All athletes who didn’t qualify by place in the round one heats got a second chance to qualify for the semi-finals by participating in repechage. This replaced the former system of athletes advancing through fastest times (the small ‘q’) in addition to the top placings in the first round heats (the big ‘Q’).
It meant each of those events now have four rounds – heats, repechage round, semi-finals and the final, with schedules varying according to the specific nature of the event. Depending on the race, anywhere from two to six athletes from each repechage round also advance into the semi-final.
Are there any benefits?
The new format means that every athlete competing in the events with a repechage round will have at least two races at the Olympics. Before, if anything went wrong in the heats, it was Games over.

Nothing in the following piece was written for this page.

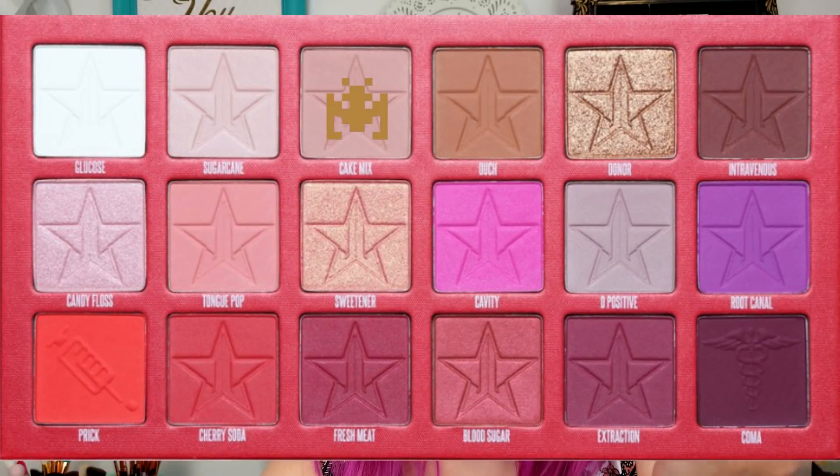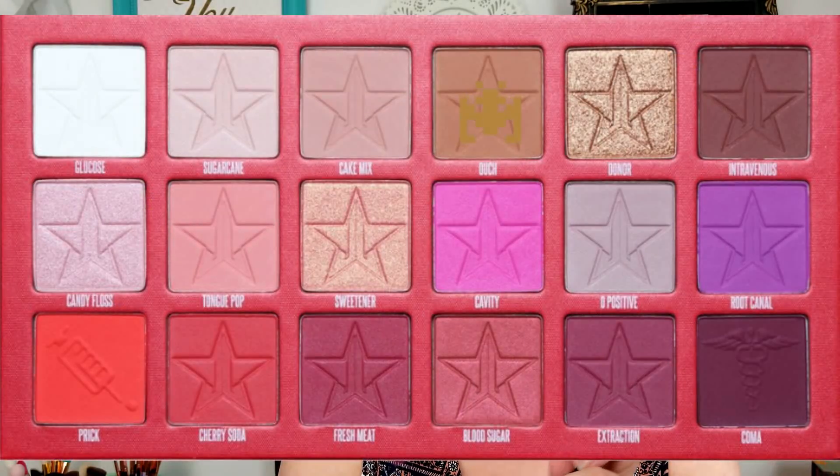Now I'm going to dip into Cake Mix and darken this outer corner. I'm using the same brush for all this because it's very fluffy and this is going to be very blended out — not super precise for this first base of eyeshadows. Now I'm going to move on to a smaller brush, a little crease brush by elf, and take the color Ouch, which is like a warm honey brown, and stick that right in my crease where I would separate my lid if I was doing a cut crease.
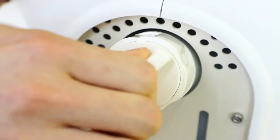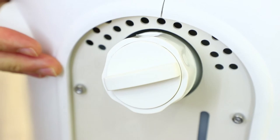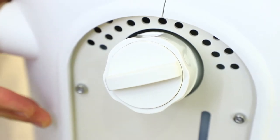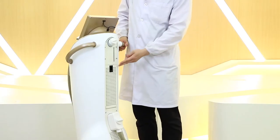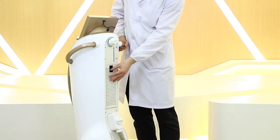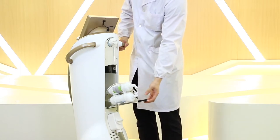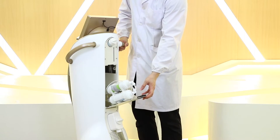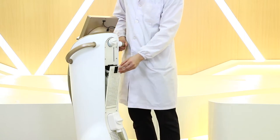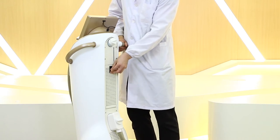If it is the first time we use the machine, because the water pipe inside is also empty, we must add water again. As we press this button, we can see the water filter. We suggest changing this water filter every half a year. If the interface shows a bad water quality warning, we should also change the water filter.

Over the opening week of athletics seven Irish athletes missed out on qualifying in their heats and so went into the repechage; Cathal Doyle, Andew Coscoran and Luke McCann in the men’s 1,500m, Sharlene Mawdsley and Sophie Becker in the women’s 400m, and Sophie O’Sullivan and Sarah Healy in the women’s 1,500m
Of those seven only Doyle came through his repechage, winning his second “chance” in the 1,500m, before exiting in the semi-final 24 hours late – his third race in three days.
Under the old format Mawdsley would have gone straight in the 400m semi-final, as would O’Sullivan and Healy, who both missed out by one place when trying to qualify automatically in their heats; they also both lost out in the repechage, finishing fourth, when the top three progressed.
What do the athletes think about it now?
Doyle was certainly agreeable to getting the second chance, admitting he got his tactics wrong first time, and ran a far better race in the repechage, a personal best. The problem was the automatic semi-finalists had one less race in their legs, and in the men’s 1,500m no athlete who came through the repechage made the final.
Mawdsley wasn’t so sure, glad of the second race too but under the old format she would have been an Olympic semi-finalist, not a repechage-ist (if that’s even a word).
World Athletics has yet to decide if the repechage will remain for the LA Olympics in 2028, but it won’t feature at next year’s World Championships in Tokyo. It seems most athletes (and reporters) in Paris will be glad to see the back of it.